(Problem statement) Reproduce the listing below as it stands. Leave out each image.

(Data provided)
-- Opening Marker --

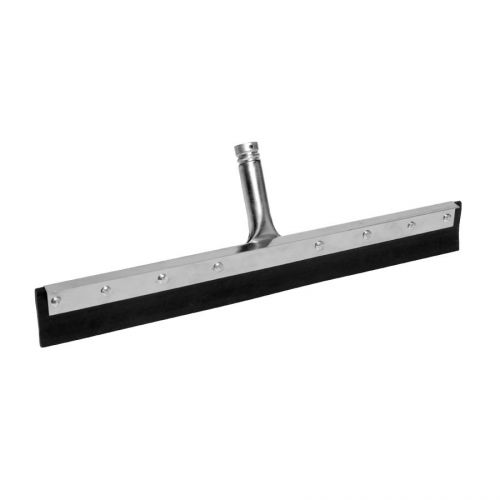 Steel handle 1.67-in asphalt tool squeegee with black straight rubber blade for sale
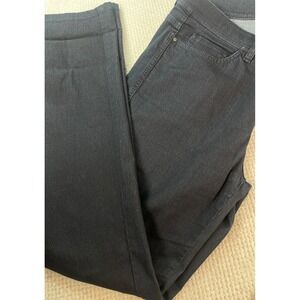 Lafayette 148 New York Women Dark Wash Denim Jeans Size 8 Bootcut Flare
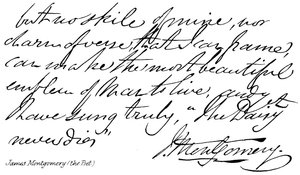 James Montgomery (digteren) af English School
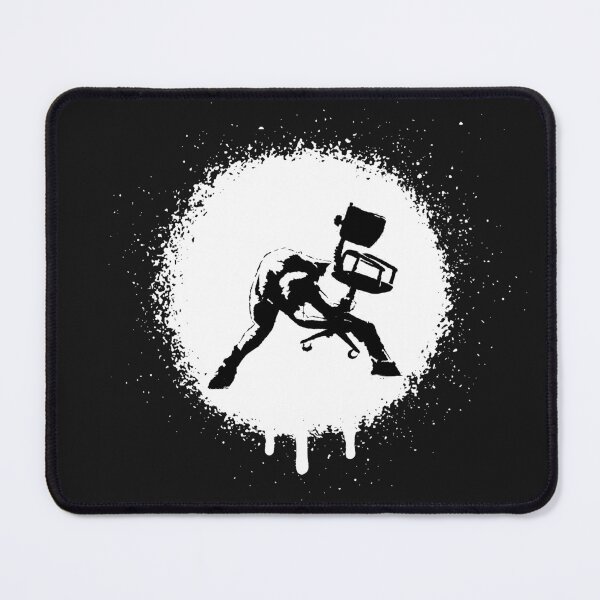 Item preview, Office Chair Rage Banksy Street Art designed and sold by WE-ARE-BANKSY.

-- Closing Marker --

(Task result)
 Steel handle 1.67-in asphalt tool squeegee with black straight rubber blade for sale
 Lafayette 148 New York Women Dark Wash Denim Jeans Size 8 Bootcut Flare
 James Montgomery (digteren) af English School
 Item preview, Office Chair Rage Banksy Street Art designed and sold by WE-ARE-BANKSY.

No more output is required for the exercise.